A Couple of Questions
If you and/or your employees have never used HD Video conferencing, you are missing out. There are some actions you may be expected to perform or execute that would be facilitated by the use of an HD Video Conferencing system. For example, sharing content, scheduling a multipoint conference, or moving a system and setting it up again in a different location are just a few ways that HD Video Conferencing can help. Here are two common questions that many people have when they jump into HD Video conferencing:
- Where are the places I can Video Conference?
- What kind of things can I share from my computer?
To answer question number one, the places you can Video Conference have multiplied drastically over the past couple years.
Room systems and rack mounted systems are pretty much going to stay in the rooms they were designated for. The exception being that room systems can be torn down and redeployed to another room or a completely different location. Keep in mind, if an employee is going to take a system to another location, the address will need to be toggled to auto or reset with a static IP.
Desktop systems are next in line. They are highly mobile and most are easy to setup. An executive can have one shipped to a summer home to stay connected. Desktop systems such as the Radvision VC240 and the LifeSize Unity 50 not only look professional on anyone’s desk, but also double as your PC monitor. In the near future, as Video Conferencing becomes mainstream amongst work places, government, and even public platforms, desktop systems may be the norm on every desk. As companies compete, affordability will ensue.

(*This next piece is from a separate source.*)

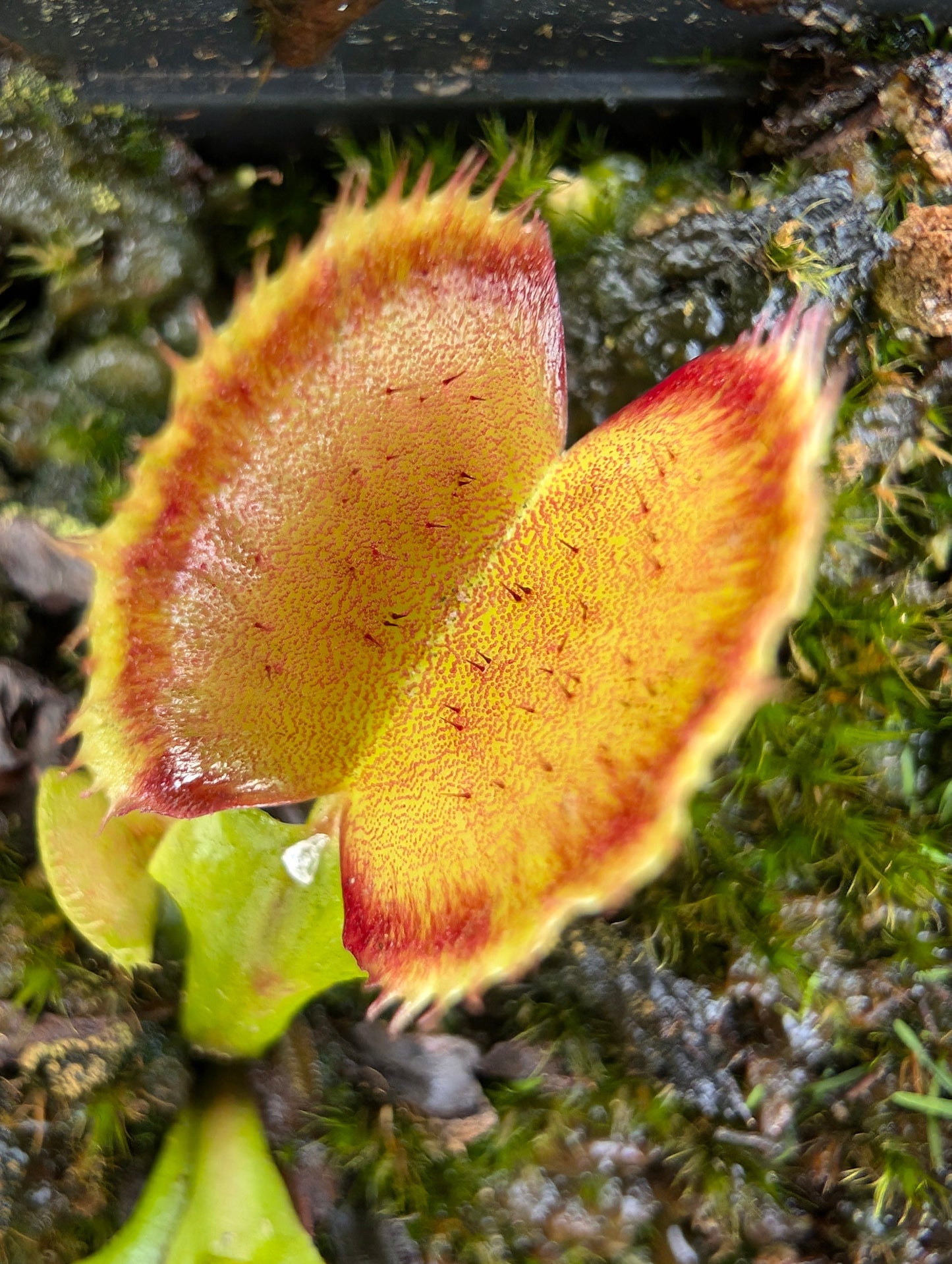 Dionaea muscipula  Carboni Ardenti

Mobile Conferencing Apps are the latest and greatest. These are going to expand the communication world to its limits. As network technology gets more advanced and faster, Mobile Conferencing will sooner or later take over voice. Voice will never go away, but the trend in how people communicate leans towards a Video Conferencing world. Most Mobile Video Conferencing apps require wifi and a few run over 3G and 4G. Security should be a priority for any company utilizing Mobile Conferencing, but for individual private use it’s not mandatory. Company meetings, where sensitive data is exchanged, should not use a public wifi. Secure multipoint bridging is available on apps such as Scopia Mobile V3.

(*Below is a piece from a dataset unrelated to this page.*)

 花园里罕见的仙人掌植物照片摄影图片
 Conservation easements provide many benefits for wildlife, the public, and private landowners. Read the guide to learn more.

Video Kiosks in a public arena are coming onto the scene now. Imagine video enabled kiosks in a metro area that let a user video call a live attendant for directions or help. The applications to use kiosks in a store front can bring a company’s customers together at different locations and let them interact with presentations and ad campaigns. The future of shopping will be quite unique.

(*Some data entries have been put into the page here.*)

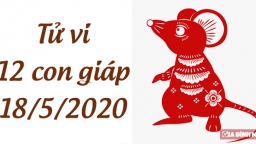 Tử vi 12 con giáp hôm nay 18/5: Tuổi Tý bị ảnh hưởng xấu, tuổi Dần tài lộc rực sáng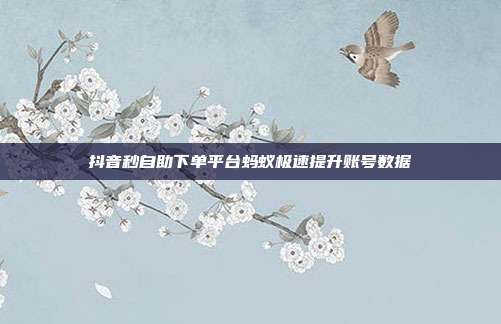 抖音秒自助下单平台蚂蚁极速提升账号数据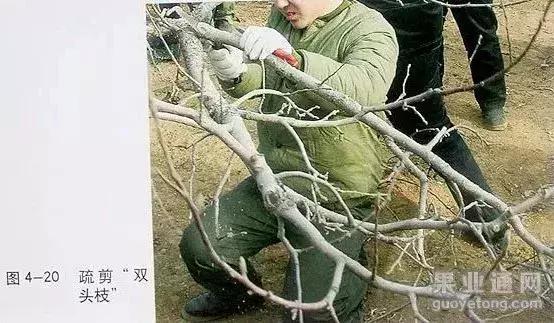 5年红富士苹果树冬季修剪技术,苹果树的冬季修剪技术视频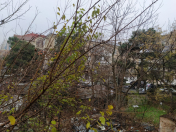 Satılır 1 otaqlı 25 m2 köhnə tikili Bakı Dövlət Universiteti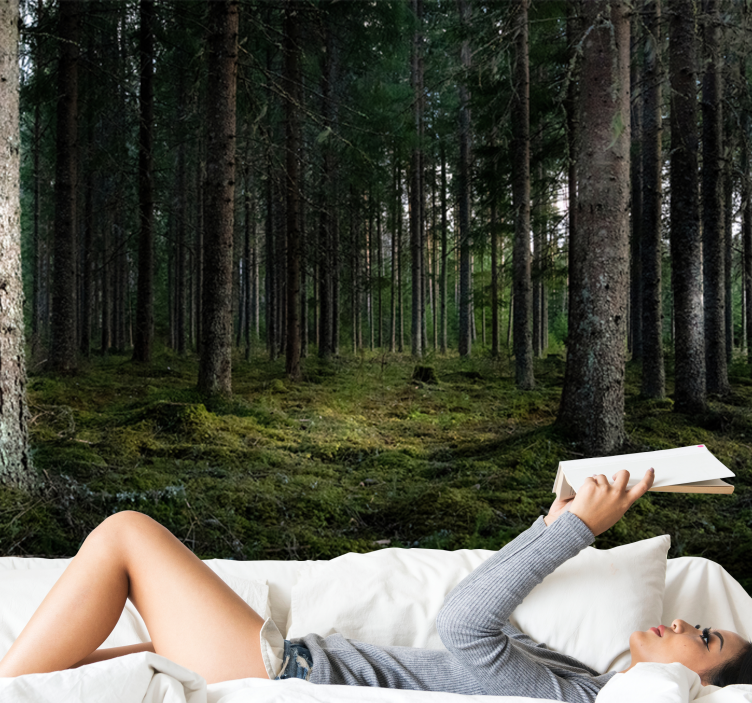 Mural de bosque paisaje sereno - TenVinilo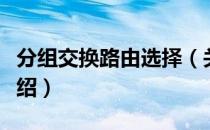 分组交换路由选择（关于分组交换路由选择介绍）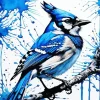 Splatter Jay Bird Paint By Numbers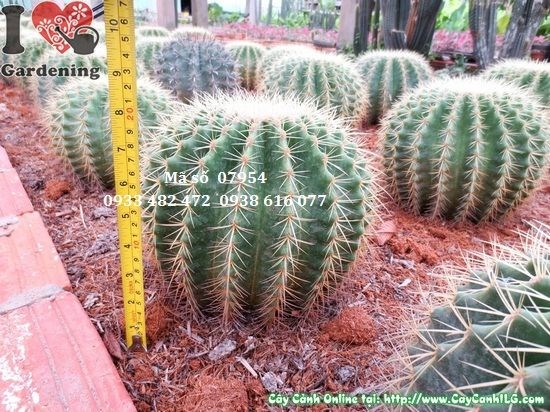 Cây xương rồng kim hổ trồng chậu trang trí nội thất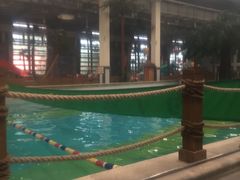 -南宫温泉水世界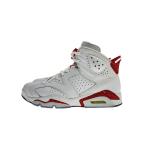 NIKE◆AIR JORDAN 6_エア ジョーダン 6/27.5cm/WHT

Video Conferencing and sharing data.
Sharing screens, presentations, and images from document readers are a common thing for Video Conferencing. They are also a part of why HD Video Conferencing makes such an impact on the productivity and speediness of projects. Instead of emailing (or worse, driving) back and forth a document or slides of a presentation, co-workers can complete a project right on the spot. Sometimes, decisions are made for the whole workforce by one or two people. For example, imagine a superintendent at a housing construction company. He is in charge of the construction of 7 houses in 3 different neighborhoods. The workers are waiting at each house, in various stages of completion, for him to come by and approve or sign off on their work. If each of the locations has a smart phone with Video Conferencing capabilities, the superintendent could see over the approvals in one location, make any adjustments or critiques, and save himself time by getting the projects done faster. This is just one of many examples that demonstrates how Video Conferencing and collaboration can improve how a business can manage its time.